Hash index operations are not presently WAL-logged, so hash indexes might need to be rebuilt with REINDEX after a database crash if there were unwritten changes. Also, changes to hash indexes are not replicated over streaming or file-based replication after the initial base backup, so they give wrong answers to queries that subsequently use them. For these reasons, hash index use is presently discouraged.

Syntax for Creating index

    CREATE INDEX index_name ON table_name (column1, column2, ..);

How Index works ?

Suppose we have a users table(id, name) indexed on name. When a record is inserted in users table, respective entry in B-tree would be made. At the moment users table have entries (1, ‘Deepak’), (2, ‘Rohit’), (3, ‘MSD’), (4, ‘Aaradhya’). The indexed B-tree would look like [Aaradhya, Deepak, MSD, Rohit].

For instance, I insert a record (5, ‘Swapnil’), B-tree would be updated to [Aaradhya, Deepak, MSD, Rohit] and node Rohit will point to [Rohit, Swapnil]. The searching operation are made easy because the data is sorted. If you are interested in postgresql code, take a look here on how postgresql works. When search query for name Swapnil is fired, unlike sequentially traversing users table as in without indexing, B-tree will efficiently find it is in node Rohit. Note that after locating node, it switches to binary search to reach Swapnil. Here is the source code to search value in single B-tree in postgresql.

A take on insert/update with index

Insert is the only operation which do not directly benefits from index, as it do not include where clause. Additionally it increases time for inserting. Let’s take a look. When not using index, a database insert operation would only add a row to table. But while using index, it additionally needs to add index-entry in B-tree. And it takes time, first to lookup appropriate node, assign value to node then to maintain B-tree split the node, if needed.

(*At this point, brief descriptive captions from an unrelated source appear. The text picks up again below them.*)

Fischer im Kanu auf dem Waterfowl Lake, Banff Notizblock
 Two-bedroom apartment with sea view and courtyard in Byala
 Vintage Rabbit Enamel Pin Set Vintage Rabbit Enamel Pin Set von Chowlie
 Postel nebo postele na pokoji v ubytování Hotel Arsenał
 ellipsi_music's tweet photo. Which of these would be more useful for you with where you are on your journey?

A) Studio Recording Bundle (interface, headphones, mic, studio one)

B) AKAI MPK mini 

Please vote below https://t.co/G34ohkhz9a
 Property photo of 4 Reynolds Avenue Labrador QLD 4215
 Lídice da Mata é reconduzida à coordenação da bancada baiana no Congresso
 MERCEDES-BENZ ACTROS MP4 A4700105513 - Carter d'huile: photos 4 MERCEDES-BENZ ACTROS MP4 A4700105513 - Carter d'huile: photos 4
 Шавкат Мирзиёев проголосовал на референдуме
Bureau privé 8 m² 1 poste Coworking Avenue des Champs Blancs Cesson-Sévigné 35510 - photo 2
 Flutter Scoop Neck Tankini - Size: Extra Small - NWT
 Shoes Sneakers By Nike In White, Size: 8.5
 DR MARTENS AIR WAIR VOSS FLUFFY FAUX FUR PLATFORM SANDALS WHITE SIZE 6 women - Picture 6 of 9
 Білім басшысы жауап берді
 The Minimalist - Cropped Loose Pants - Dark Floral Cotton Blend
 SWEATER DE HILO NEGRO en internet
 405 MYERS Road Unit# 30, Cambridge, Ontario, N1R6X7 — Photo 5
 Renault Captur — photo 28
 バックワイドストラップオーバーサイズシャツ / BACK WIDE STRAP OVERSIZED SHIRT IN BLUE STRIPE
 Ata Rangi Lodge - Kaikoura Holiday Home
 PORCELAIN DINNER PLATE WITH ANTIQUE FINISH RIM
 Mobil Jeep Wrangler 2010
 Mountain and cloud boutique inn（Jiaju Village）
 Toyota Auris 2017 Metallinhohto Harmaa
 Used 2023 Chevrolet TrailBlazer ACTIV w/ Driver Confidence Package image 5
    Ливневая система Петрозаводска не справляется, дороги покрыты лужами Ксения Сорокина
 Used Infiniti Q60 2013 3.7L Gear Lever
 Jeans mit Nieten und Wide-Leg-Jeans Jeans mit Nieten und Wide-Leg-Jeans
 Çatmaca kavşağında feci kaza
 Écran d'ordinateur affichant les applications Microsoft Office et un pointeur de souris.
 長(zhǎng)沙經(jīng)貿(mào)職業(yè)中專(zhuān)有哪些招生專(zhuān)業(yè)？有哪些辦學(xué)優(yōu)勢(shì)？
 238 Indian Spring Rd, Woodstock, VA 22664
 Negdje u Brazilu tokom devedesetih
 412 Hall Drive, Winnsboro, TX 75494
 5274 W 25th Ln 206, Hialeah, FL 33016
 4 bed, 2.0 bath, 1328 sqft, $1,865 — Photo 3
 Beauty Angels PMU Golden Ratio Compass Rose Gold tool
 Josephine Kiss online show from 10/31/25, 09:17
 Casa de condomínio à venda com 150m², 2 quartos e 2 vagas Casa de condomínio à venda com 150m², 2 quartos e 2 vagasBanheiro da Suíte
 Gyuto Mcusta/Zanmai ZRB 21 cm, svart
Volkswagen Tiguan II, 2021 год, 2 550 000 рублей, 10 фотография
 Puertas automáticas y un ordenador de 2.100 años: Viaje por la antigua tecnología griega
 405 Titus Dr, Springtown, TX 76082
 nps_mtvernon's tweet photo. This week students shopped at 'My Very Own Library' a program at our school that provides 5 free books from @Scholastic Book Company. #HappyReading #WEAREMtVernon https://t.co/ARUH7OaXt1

In update query, when record is updated in database, the index for the same also gets updated.

Building indexes concurrently

Most database systems allow to perform reads while creating index in a single scan, but lock parallel write operations. Transactions involving insert, update, delete will be blocked until index build is finished. And this could have sever impact if system is a live production database.

Postgresql supports building indexes without locking with CONCURRENTLY option of CREATE INDEX. It performs two scans of table. First index is entered in system catalog in one transaction. Then two transactions perform two scans. Before each table scan, the index build must wait for existing transactions that have modified the table to terminate. After the second scan, the index build must wait for any transactions that have a snapshot predating the second scan to terminate. When these write operations are done, both scans complete and assures updated data. The reads were never a problem. Read more

CREATE INDEX CONCURRENTLY index_name ON table_name (column1, column2, ..);

Unique Indexes

A unique index guarantees that the table doesn’t have more than one row with the same value. It’s advantageous to create unique indexes for two reasons: data integrity and performance. Lookups on a unique index are very fast.

Note -

In terms of data integrity, using a validates_uniqueness_of validation on an ActiveModel class doesn’t really guarantee uniqueness because there can and are concurrent users creating invalid records. Therefore, always create the constraint at the database level - either with an index or a unique constraint.

Last Stop

Indexes does not store values of columns other than indexed ones.
Indexes should be created on columns which are queried frequently.
To optimise insert performance, it is very important to keep the number of indexes small.

Have a great day! Cheers!!!